Sautee in a pan with some butter and olive oil. Just salt, pepper, and dust with old bay. Tastes just like scallops to me!


----------



## pb&jellyfish (May 1, 2008)

Wow, that's awesome. Thanks for documenting that.


----------



## 1bandit (Jul 17, 2009)

Doc, I heard that the cow rays were an invasive species and you could kill all of them you want.

Is this wrong?


----------



## Baitcaster (Oct 4, 2007)

Thanks ! very informative . just might have to try one myself one day .


----------



## countryjwh (Nov 20, 2007)

i don't see myself eating one, but if i ever did i would go by this report. nice report.


----------



## angus_cow_doctor (Apr 13, 2009)

Don't know about being invasive. There certainly seems to be thousands of them. We saw at least a hundred in a couple hours time in Escambia Bay last night.


----------



## SharkSlayer (Oct 3, 2007)

Dude thats awesome, thanks for showing.


----------



## HaterAide (Nov 9, 2007)

Very informative. PETA would have a fit with that ray still looking alive though. Good stuff right there.


----------



## Five Prongs Of Fury (Apr 15, 2008)

Definitley gonna have to try one now. Have tossed around the idea before, just never felt like wrestling a big one into the boat.


----------



## fucaiyon (Apr 24, 2009)

Dude that was a cool post we been eating ray meat along time it happens to be very good thanks for the tip


----------



## FishinFool (Oct 2, 2007)

That was a very cool post. I had never seen anyone clean a stingray. Thanks for sharing. :clap


----------



## John B. (Oct 2, 2007)

well, one thing is for sure...

he's half the man he used to be...

very informative post right there... never cleaned a ray myself, but now i know how!


----------



## Mikvi (Mar 11, 2008)

We ate allot of big flatfish in Alaska. To clean them, we just cut the wings off. Then once the wings were cut into manageable size portion, we just dipped them in boiling water for a few seconds, and the skin could be wiped off. Haven't tried it with stingrays, but it should work. Stingray is a very desirable sushi fish in Asia.


----------



## need2fish (Oct 2, 2007)

Excellent tutorial - Thanks!


----------



## Chris V (Oct 18, 2007)

Awesome break down there. I'm actually thinking about trying it.

Cownose rays are not an invasive species. Chances are whoever first said they were invasive said that so no one would down on him for killing a hundred of them.

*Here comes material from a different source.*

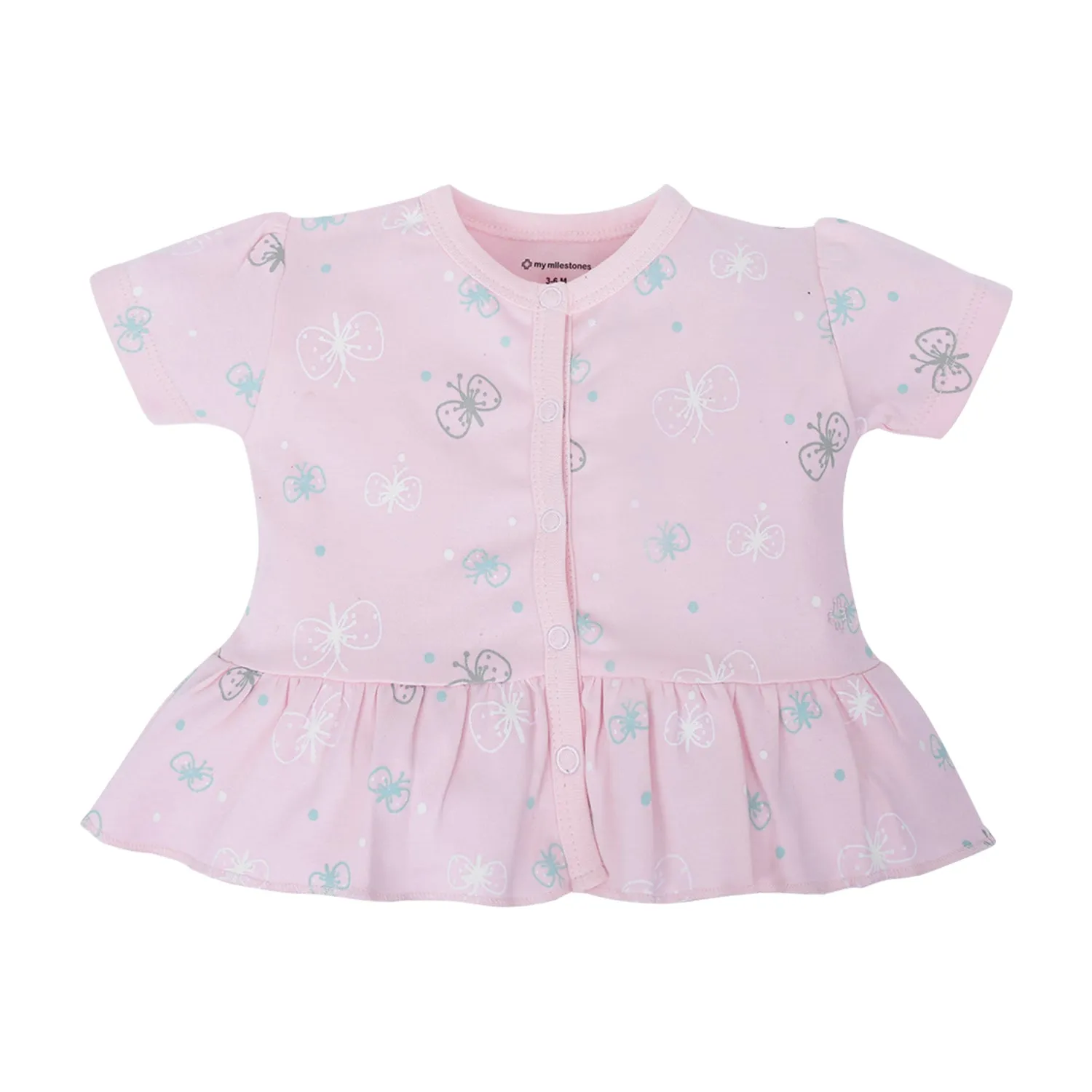 My Milestones T-Shirt Half Sleeve Girls Pink Butterfly / Navy Blue Stripes- 2Pc Pack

I can't find however where they are listed as a protected species in Florida or Alabama.


----------



## angus_cow_doctor (Apr 13, 2009)

I checked the FWC website, and they said you can not possess Manta ray or Spotted Eagle Ray.

A cownose ray is an eagle ray. From Wikipedia:

The *Cownose ray* (_Rhinoptera bonasus_) is a species of eagle ray found throughout a large part of the western Atlantic and Caribbean, from New England, USA to southern Brazil. It is the most common type of ray found in the Chesapeake Bay, USA, where sport fishermen find the species a nuisance. Cownose rays grow rapidly, and male rays often reach about 35inches (89cm) in width and weigh 26pounds (12kg). Females typically reach 28inches (71cm) in width and weigh 36pounds (16kg).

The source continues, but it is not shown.